Toner cartridges differ from ink cartridges in that they contain toner powder. Usually more expensive than ink cartridges, toner cartridges contain a fine, dry powder mixture. This mixture is made up of the ingredients of carbon, plastic particles, and colouring agents. During the copying process, the toner powder is electrostatically charged by a drum unit. As the toner gets transferred onto the paper, the heated rollers of the printer fuse the toner onto the paper. Brother, Cannon, Dell, Epson, Oki, Samsung, HP, and Lexmark are among the popular toner printers. Toner powder differs in formula and quality among name brands, as does the toner particle size and fusing temperature.
What do you do when your printer runs out of toner? Some owners actually throw away their entire printer and purchase another, as the cost of a combination toner and drum refill may cost more than a new printer. Generally, a toner cartridge will last through about 2,000 printed pages and a drum unit around 40,000 pages. Printer manufacturers make genuine replacement toner cartridges. These are more expensive than refills, compatibles, or remanufactured cartridges. However, they usually bring about the best results for your printer. Cartridges for different printers are incompatible, either electrically or physically.

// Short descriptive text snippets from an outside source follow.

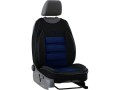 mata-profilowana-pokrowiec-tloczony-na-fotel-samochodowy-pok-ter-pro-ergonomic-7ex.jpg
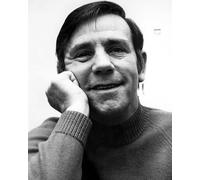 Norman Wisdom [1045901] Foto 8x10 (+ Altre Dimensioni Inclusa Poster)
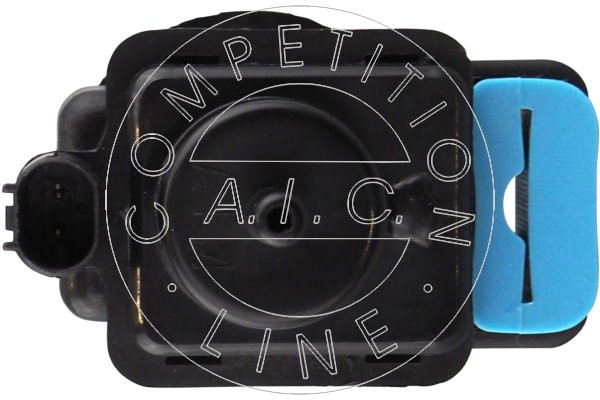Tryckomvandlare, avgasreglering Aic 56587 AIC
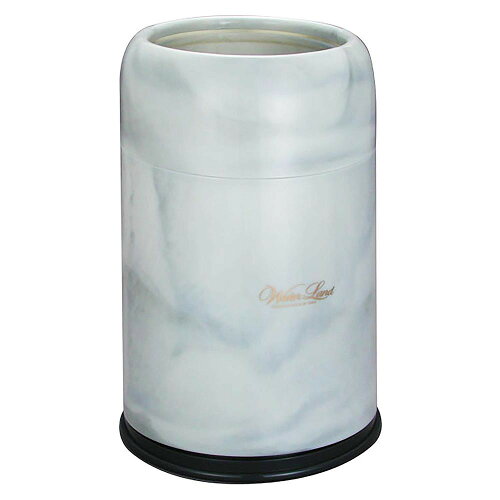 https://thumbnail.image.rakuten.co.jp/@0_mall/vie-up/cabinet/640115bd7f55321e8f/1185726.jpg?_ex=500x500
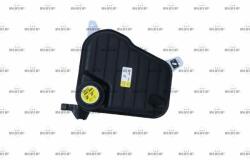 NRF Vas de expansiune, racire NRF 454089 (454089)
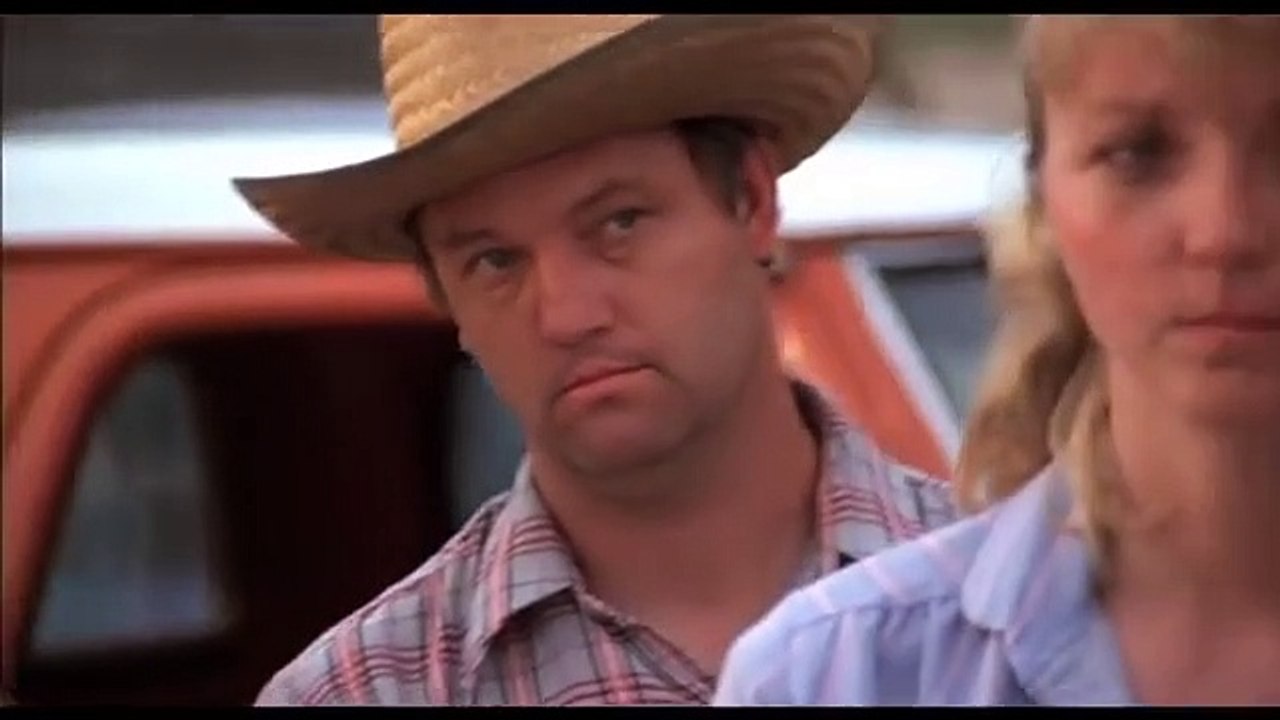 Troll 2 | movie | 1990 | Official Trailer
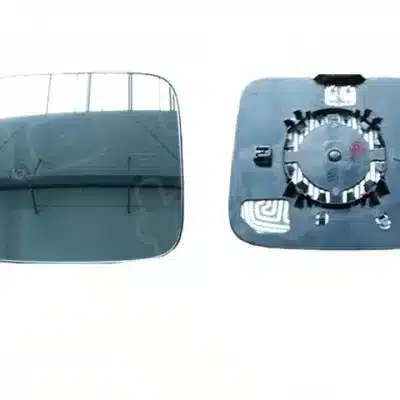 Tank 300 Right Side Rearview Mirror Lens Assembly – 8202260XKM01A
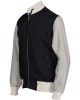 Bomber Jackets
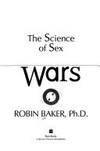 best of War the science of sex Sperm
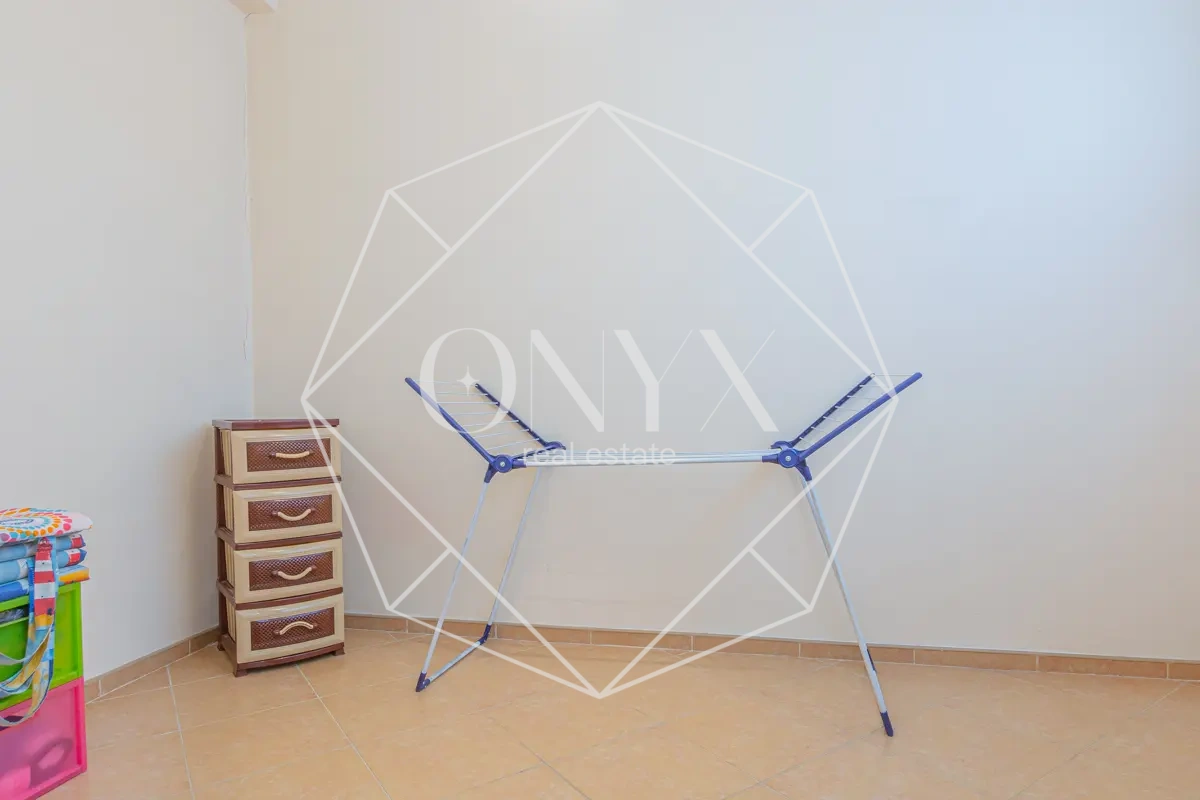 Изображение 8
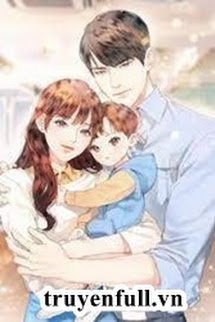 Truyện Ông Bố Tỷ Phú Và Quý Tử Thiên Tài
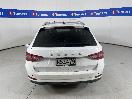 Thumbnail '5' of Skoda Superb WGN Ambition 162KW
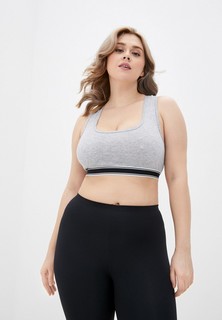 Топ спортивный Полное счастье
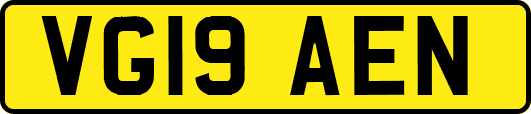 VG19AEN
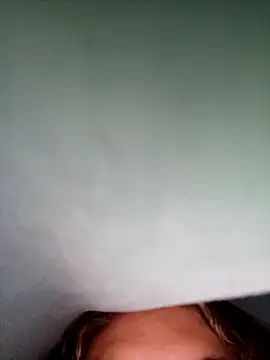 Theredcorazon online show from 04-07-26, 08:49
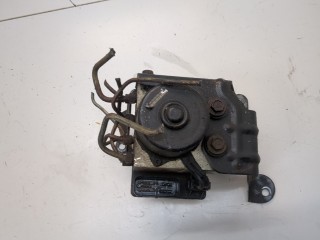 Блок АБС, насос (ABS, ESP, ASR), ориг. номер 04764112AC, Chrysler Sebring 1994-2000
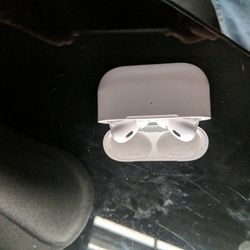 No Box Used As New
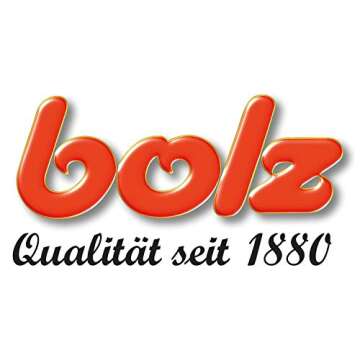 Classic Train Spinning Top Toy for Kids - Engaging and Fun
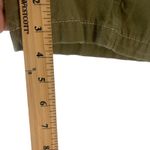 Urban Outfitters BDG Women's Size Small Green Pull On Shorts Photo 8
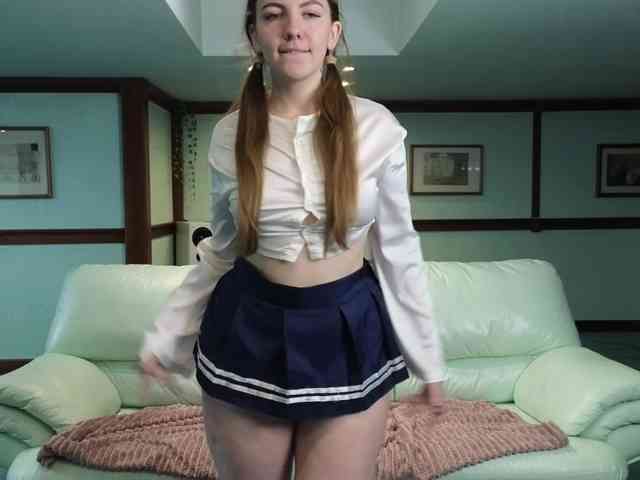 KiraRustle KiraRustle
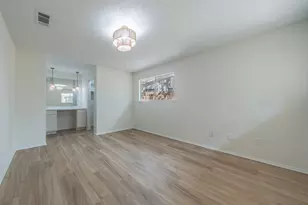 4504 Langtry Ln, Austin, TX 78749 - Photo 19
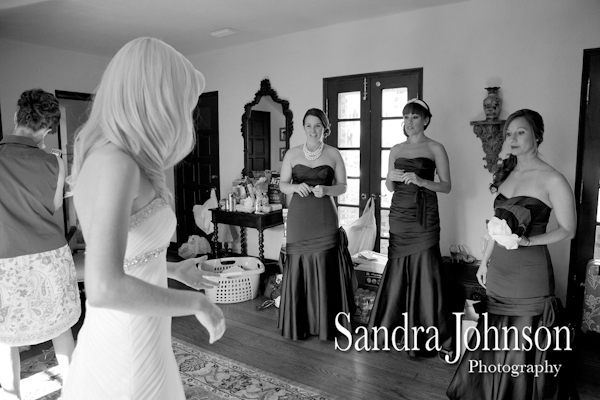 Best Casa Feliz Wedding photographer, Winter Park - Sandra Johnson (SJFoto.com)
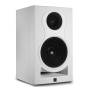 KALI AUDIO IN-8 V2 WHITE : moniteur coaxial 3 voies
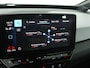 Volkswagen ID.3 First Plus 58 kWh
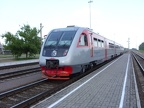 LG VT4 RA203042 Kuz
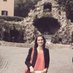 Emanuela (@emanuelaolobard) Twitter profile photo Emanuela (@emanuelaolobard) Twitter profile photo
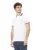 Baldinini Trend Shirt  blauw / rood / wit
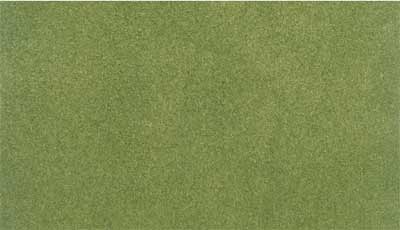 Ready Grass 50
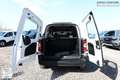 Peugeot Rifter N1 100 Active Pack PDC Temp LaneAs HFT 75 kW (1... Weiß - thumbnail 11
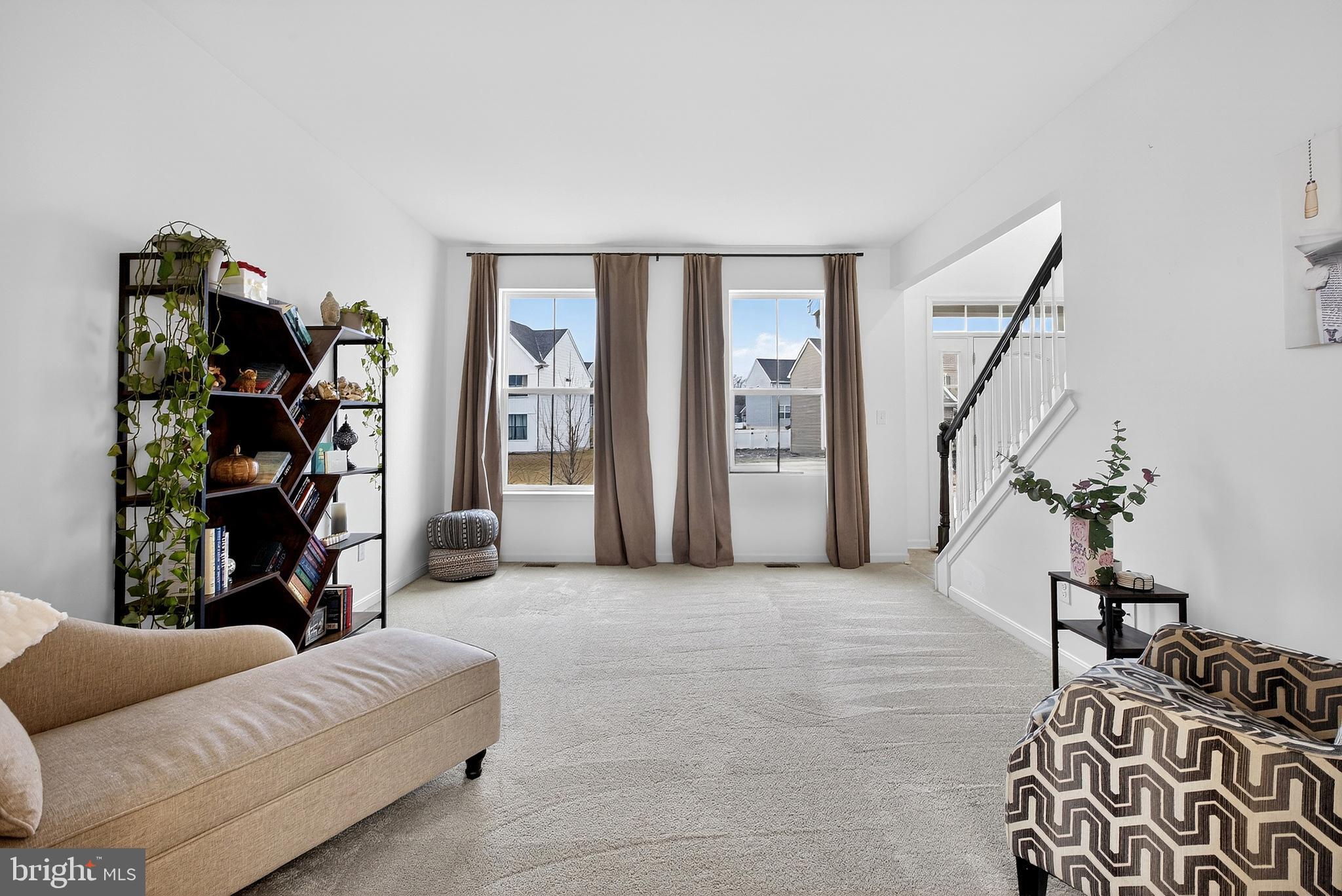 WEATHERSTONECROSSING - Residential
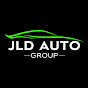 JLD Auto Group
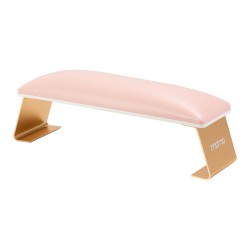 Supporto Momo 7-M rosa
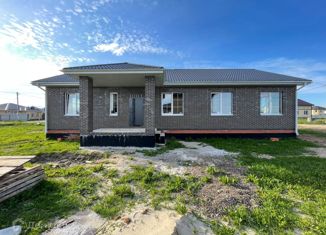 Продаю дом, 168 м2, территория ТСН Семиозерские сады, территория ТСН Семиозерские сады, 14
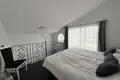 Дом 4 спальни 241 м² Михас, Испания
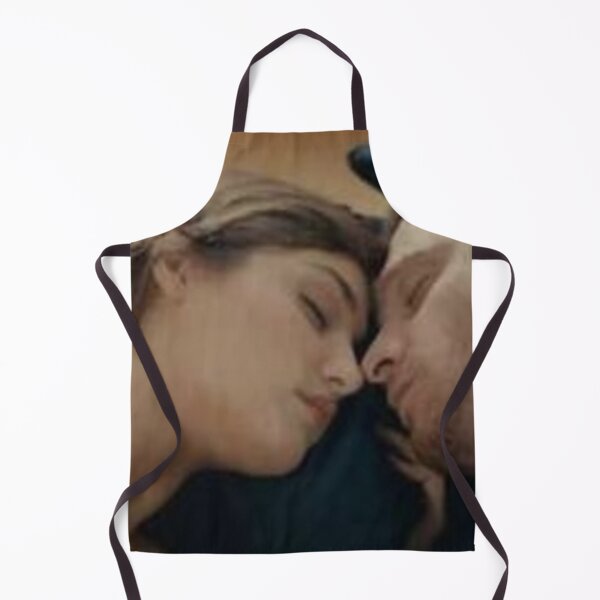 Item preview, Eda e Serkan designed and sold by Dragon20yt.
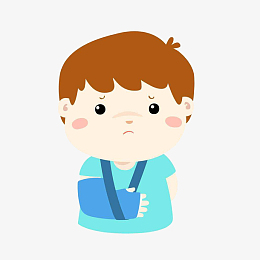 心纯手绘/卡通图片免费下载_心纯手绘/卡通素材_觅元素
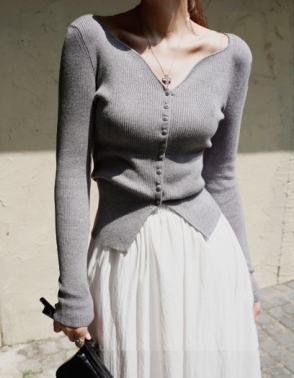 볼때마다 예뻐~ >터졌다!가을신상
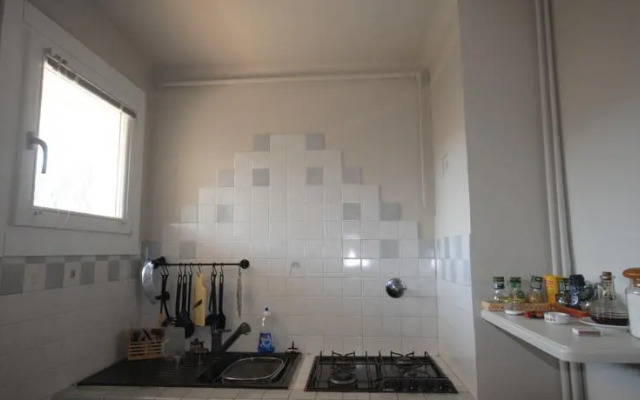 Immosol Vacances - Les Iles dOr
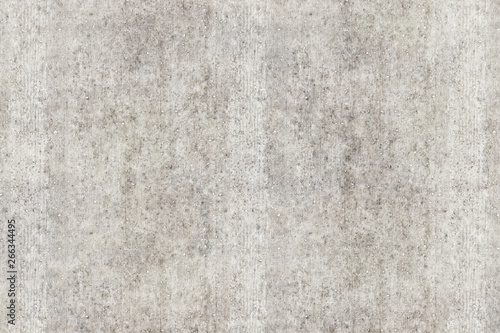 concrete cement stone grunge wall background backdrop surface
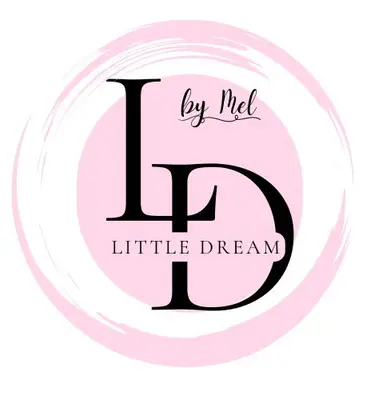 LittleDream by Mel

Compatibles are available at a cheaper price than genuine toner cartridges. You may also purchase genuine replacements from a specialist retailer. Compatibles, which are also known as generic or alternative, are manufactured from scratch. These are not exact copies of the original, as patents restrict the exact copy of a design. Refills and remanufactured cartridges are less expensive, but have been used and refilled or remanufactured. It is always environmentally responsible to reuse and refill cartridges. Approximately 7.3 litres of oil are saved when a cartridge is reused. Oil is used in the plastic of a new cartridge, and burned in the manufacture of new cartridges.